I am working on implementing GenAi usecase on MTK platforms

I am using openlm-research/open_llama_3b_v2 · Hugging Face model and I am trying to run it following the 5.1.3 Tutorial for Large Language models present in Neuropilot 8.0.9 documentation.

I am currently stuck at step 2 (Generating Caliberation Dataset):

Following is the SS of the error I am getting:

I am using GAI-Deployment-Toolkit-v2.0.6_llama3.2-1b-3b-v0.1toolkit: https://neuropilot.mediatek.com/resources/downloads/b850a7a4-fb11-4a7e-85de-bffb18c5123b

Python: 3.8

I would be grateful if the error can be resolved.

Regards,

Nimesh

Dear Nimesh,

Thank you for providing the detailed screenshots of the error you are encountering during Step 2 (Generating Calibration Dataset).

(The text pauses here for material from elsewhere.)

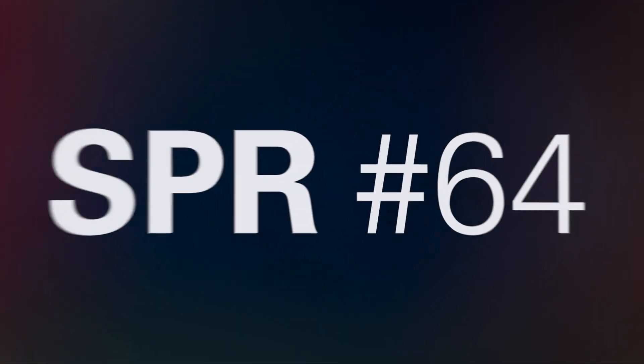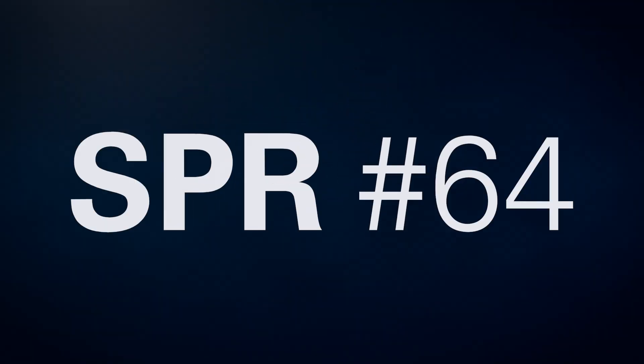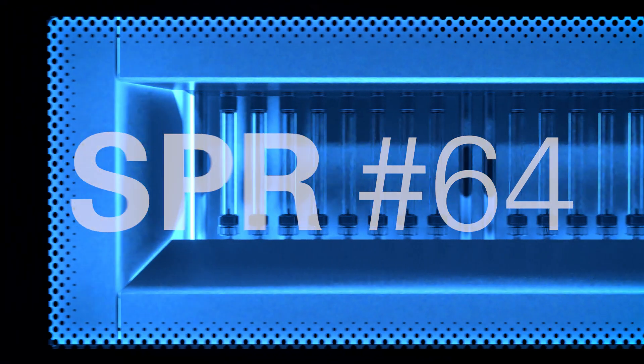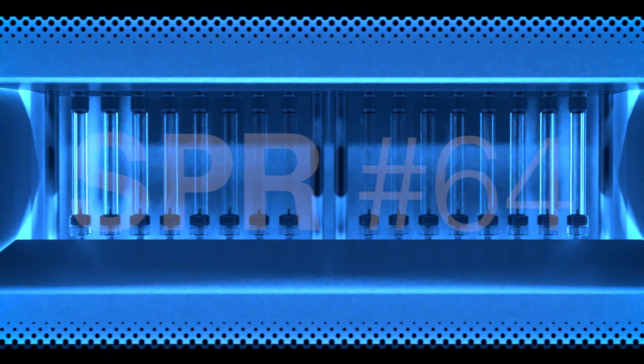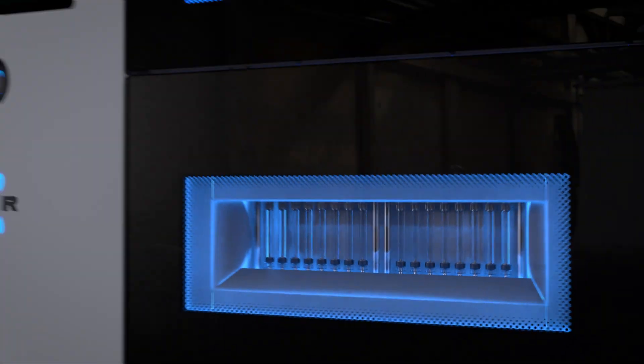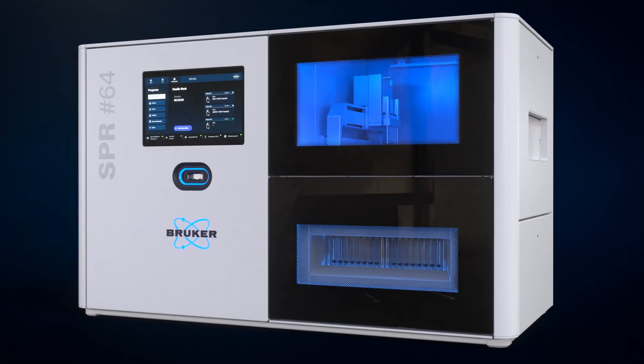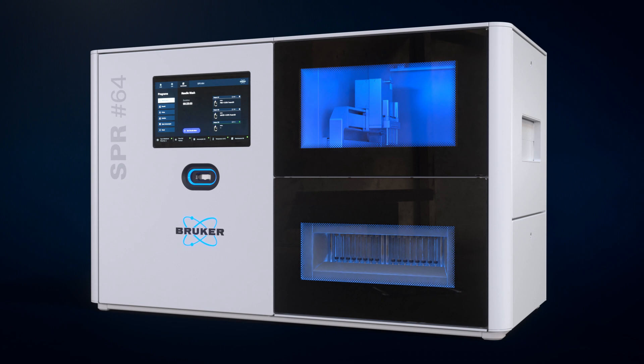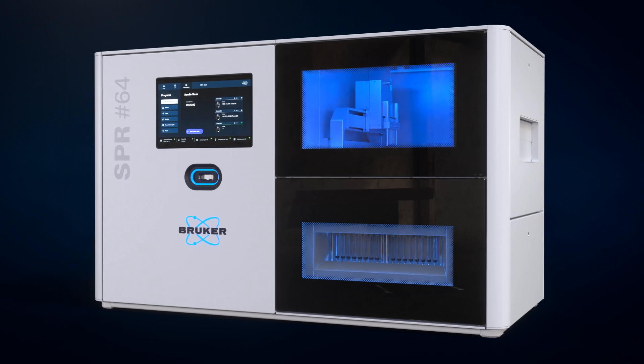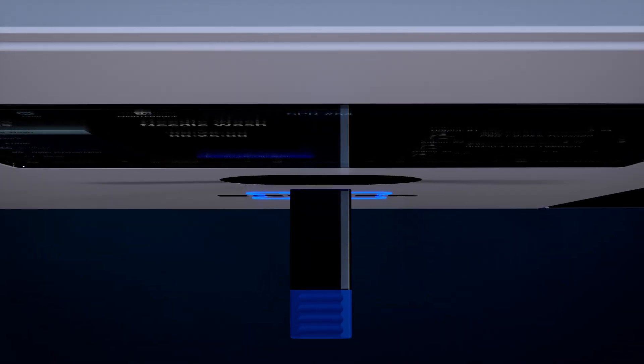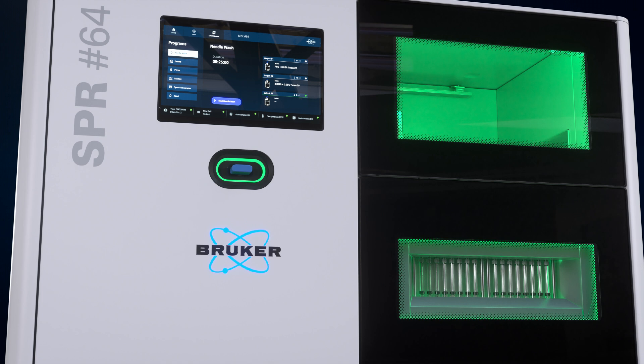Bruker's new SPR-64 fulfills the need for a high-quality, high-throughput SPR system, offering an array of 8x8 sensor spots which can be addressed in perpendicular orientation.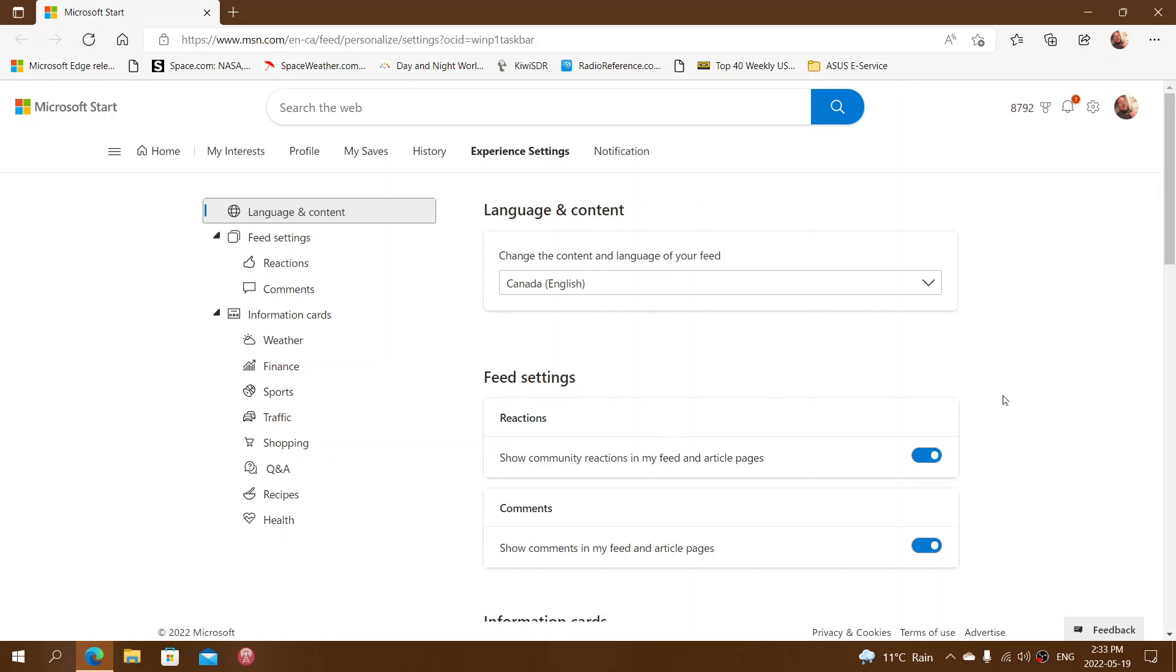These settings will remove the cards from the news and interest panel. When the cards are not in the news and interest, they won't show up on the taskbar. Whatever information you have there is going to be gone.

The error you are seeing may be related to a compatibility issue between that specific Open Llama variant and the toolkit’s current version.

Suggested Action: Try an Alternate Source Model

Since the name of your deployment toolkit (GAI-Deployment-Toolkit-v2.0.6_llama3.2-1b-3b-v0.1toolkit) explicitly references llama3.2, this could indicate that the toolkit is better optimized for or expected to work with the official Llama 3.2 models.

We recommend that you try switching to this model to see if it resolves the issue: meta-llama/Llama-3.2-3B (Hugging Face Link)

Please attempt the following steps:

  1. Replace the current model (openlm-research/open_llama_3b_v2) with meta-llama/Llama-3.2-3B.
  2. Restart the process from Step 2: Generating Calibration Dataset, as per the Neuropilot documentation.

If the problem persists after switching the model, please provide a new screenshot so we can continue troubleshooting.

Best regards, Jing

1 Like

Hello,

Thanks for replying.

I followed your instructions of using Meta-Llama 3.2 3B, but while generating Caliberation Dataset, I got the following error:

I think there is tokenizer class incompatibility.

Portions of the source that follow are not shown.